Clemson vs. Florida State: Can't-Miss Matchups in ACC Showdown

James Ermilio@jimmyermilioCorrespondent IIISeptember 22, 2012

Tajh Boyd is going to have to be creative if he hopes to beat the Seminoles D.
Tajh Boyd is going to have to be creative if he hopes to beat the Seminoles D.Kevin C. Cox/Getty Images

Two of the best teams in the nation clash in a Saturday night ACC matchup between the high-flying No. 10 Clemson Tigers and the defensive-minded No. 4 Florida State Seminoles.  

If there was ever a college game that warranted the "unstoppable force vs. immovable object" cliche, this is it.

Both teams are undefeated, with records of 3-0.  Clemson has averaged nearly 40 points a game in this young season, and Florida State has allowed a total of just three points in three games.

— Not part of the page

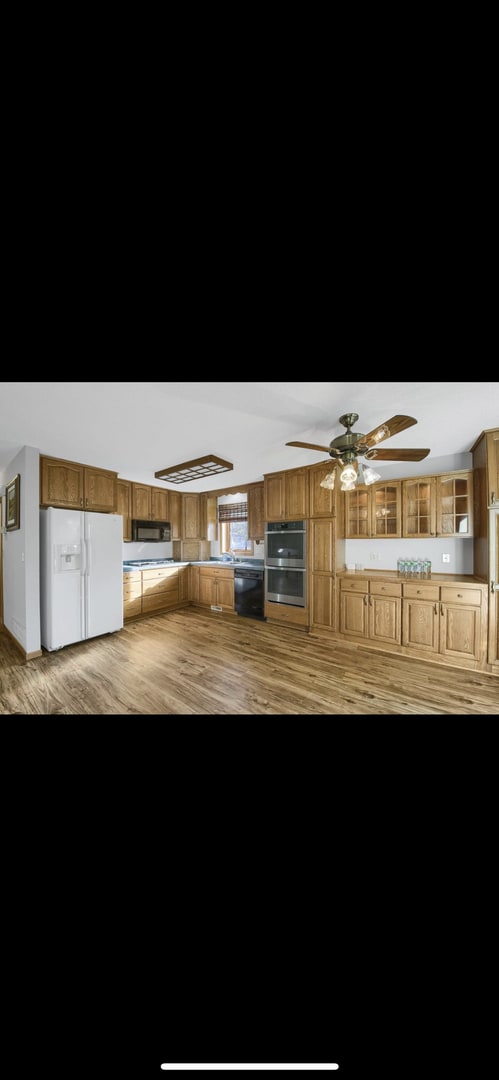 Primary Photo - Bright, Spacious, home for rent in Plymout...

Let's take a look at three matchups in the game that warrant special attention as these two top-10 teams kick off their well-publicized Week 4 showdown.

QB Tajh Boyd and the Clemson O-Line vs. the Florida State Defensive Front

It's true of football at any level: the game is won in the trenches.  

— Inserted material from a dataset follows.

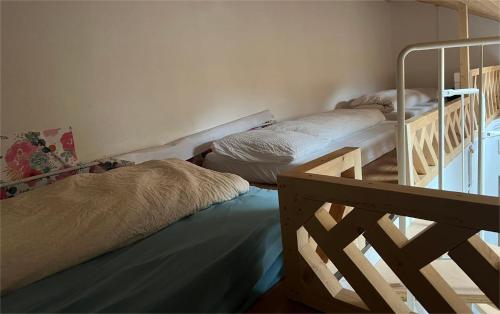 Quadruple Room with Private External Bathroom image 4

This old adage especially pertains to Week 4's Seminoles vs. Tigers game.  The Florida State defensive line is nothing short of vaunted (even without all injured All ACC-end Brandon Jenkins) and it's headed by German-born monster DE Bjoern Werner, who has already racked up 6.5 sacks this season. They've also got Cornelius Carradine, who's quick off the ball and has 3.5 sacks already.

The Clemson offensive line has improved since giving up four sacks in the season opener against Auburn, but there's enough uncertainty there that Florida State should be able to win this matchup.

They're going to have to, because the Tigers have incredible talent at the skill positions.  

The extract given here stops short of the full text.